Because one of the complaints that people have when they send their photos out to be printed, they'll maybe Crop their image, and they'll do something like that. Go ahead, and just hit Return here, and so you have that. And then you send this picture off to Costco or somewhere to be printed, on 4x6 paper. And it comes back, and it doesn't fit right on the paper. So, Costco has done something with it, like that, and they go, "Well, those guys do a terrible job of printing." Well, I have to tell you, it's not really Costco's fault here.
And that's why we have this Constrain. I am going to hit the C key again to bring us back to Crop. So, for instance, if I knew I was going to send my image out to get 4x6 prints, then when I Crop the image, I would choose the 4x6 Constraint. Now what that does is that when I move this, it stays proportional to 4x6 paper. That way I can make the decision that I want to make this Cropping. So, we will just set it up something like that. And I'll hit the Return key, and we're cropped, and then I know that when I get this print back from Costco, it will fit perfectly on the paper.
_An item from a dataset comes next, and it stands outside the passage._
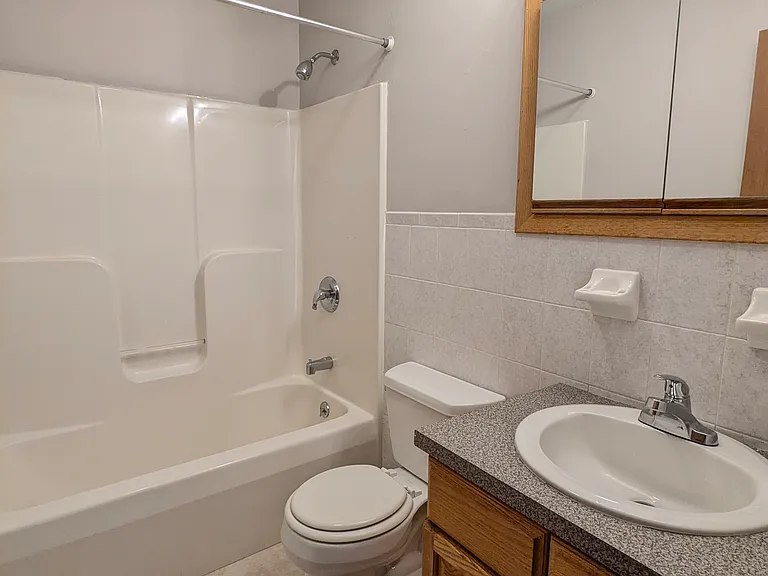 1558 Highland Ave #2 — Photo 11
And it will look exactly the way it looks here on my screen. And that's why Apple has included that Constrain function. I hit the 'C' key again to bring us back to Crop. Now your Master Aspect Ratio, that's which your camera captured it at. So, for instance, if you are shooting with a micro 4.3rds camera, that will be 4x3. If you're shooting with a digital SLR, like a Canon or Nikon, so it will probably be more like 2x3, whatever that Aspect Ratio is of your camera.
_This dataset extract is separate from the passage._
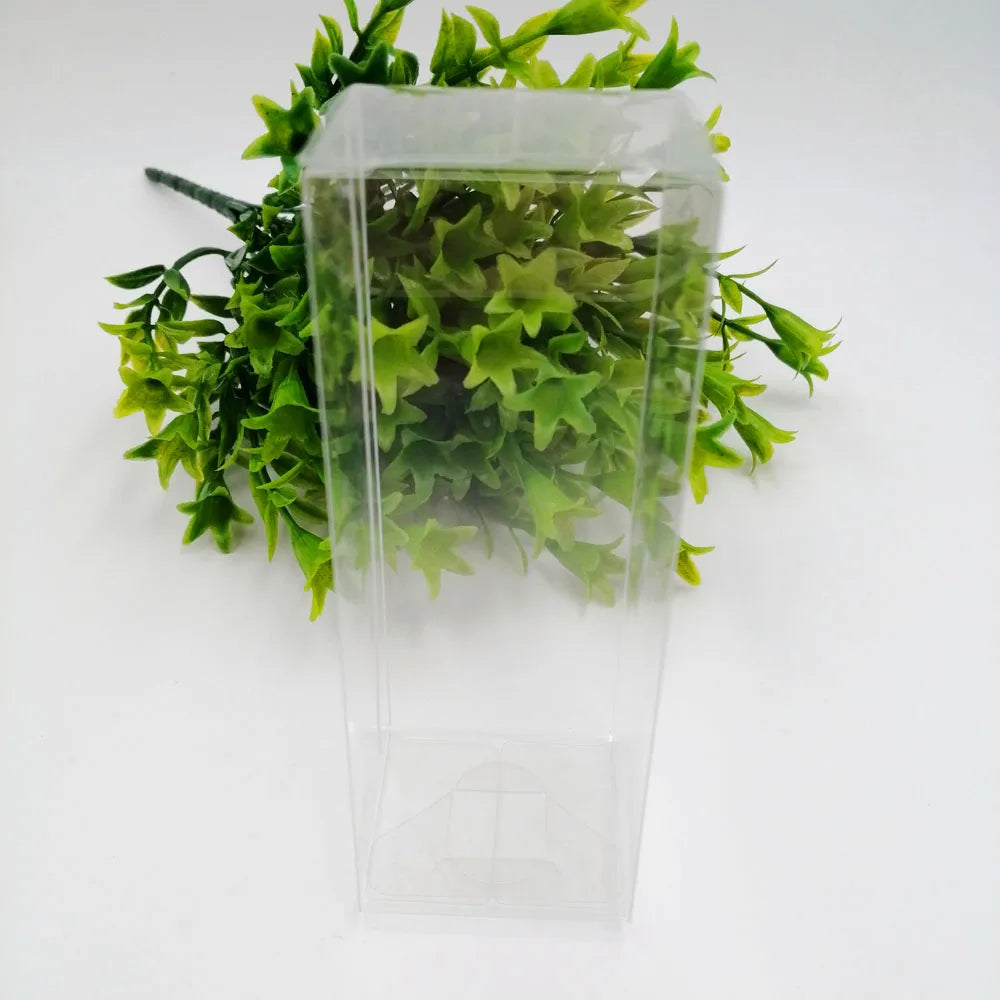 Lot de 50 boîtes transparentes empilées pour organisation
If you want to maintain that, then you can choose this, and a lot of times this will come up as the default when you are Cropping. And then, of course, you display, your monitor that you're looking at, that also has an Aspect Ratio. So, if you're cropping for a full-screen slideshow or something, you may want to choose that. Then you have all of these other Presets, for instance, 5x7, if you are going to do 5x7 print. And you can even do Custom, where you set the dimensions yourself, the proportions yourself. And if you want a flip them, you just do this little arrow here, sort of a little flippy arrow.
And, of course, you also get the resulting size after you do the Crops. For instance, if I allow more image area, then my Megapixel Size goes up. It's a bigger file. The one thing to remember that's most important is that no matter what you do in Aperture, after you hit the Return key and after you have Cropped your image, at any time you can go back and change your mind, just by choosing Crop again, up here at the top, or by hitting the 'C' key. And then you're right back to where we started working on this.
And you can have all sorts of fun and be as capricious as you want when choosing the dimensions for your photograph.